▶ [Exercise prompt]: Pictures excluded, retype the lines from the one containing "Tesla MODEL 3 17- Fjäderben Fram Vänster" through the last line of the data below, both included.

▶ [Material provided]:
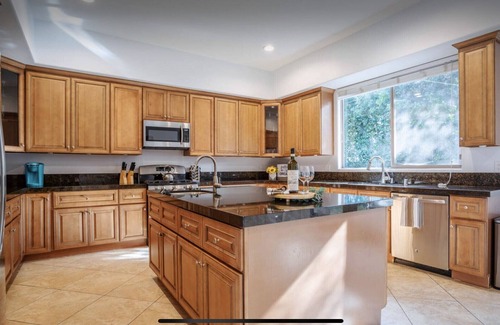 Tarzana House | LA Dream Gem! Beautiful home with Spa and EV charger for Tesla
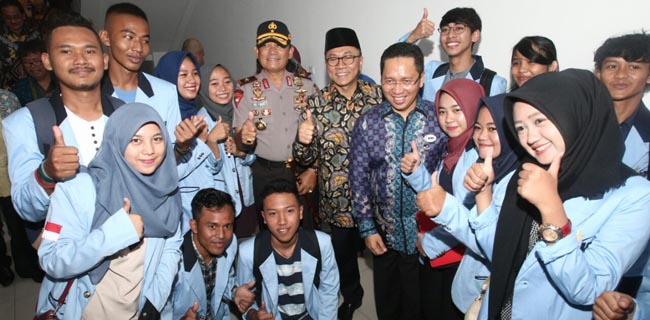 Ketua MPR Ajak Mahasiswa Perkuat Semangat Kebangsaan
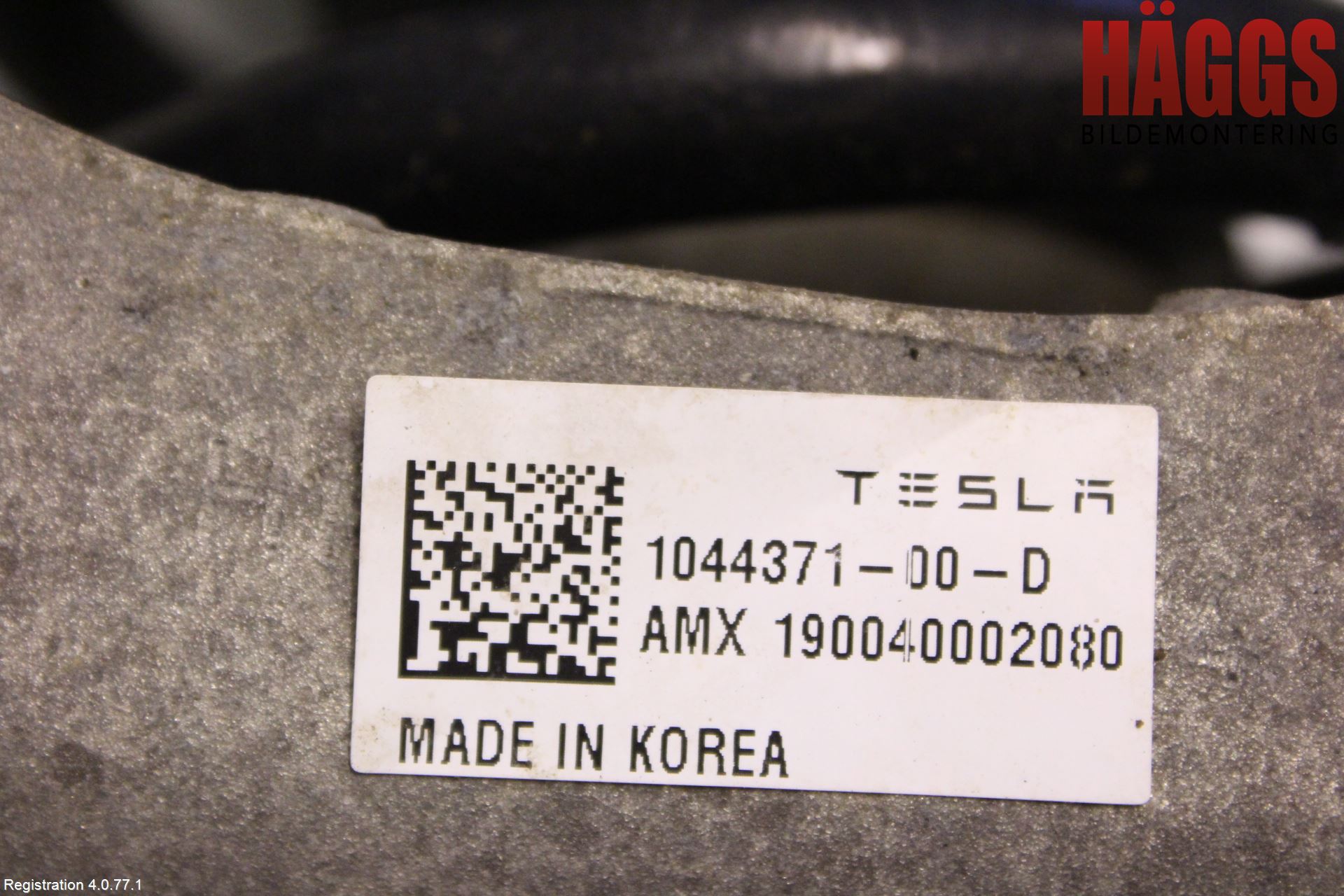 Tesla MODEL 3 17- Fjäderben Fram Vänster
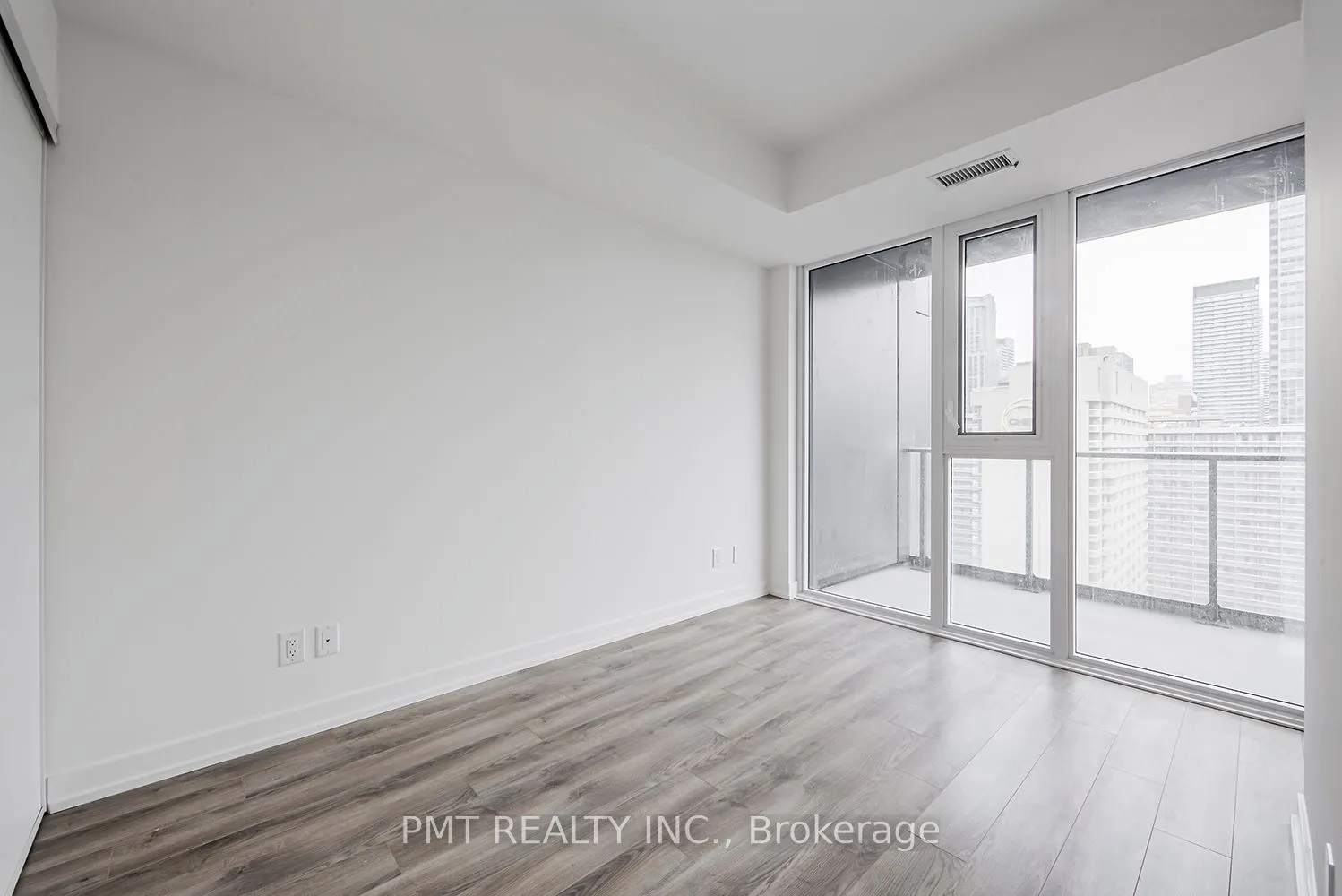 20 Edward Street, #1901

▶ [Answer]:
 Tesla MODEL 3 17- Fjäderben Fram Vänster
 20 Edward Street, #1901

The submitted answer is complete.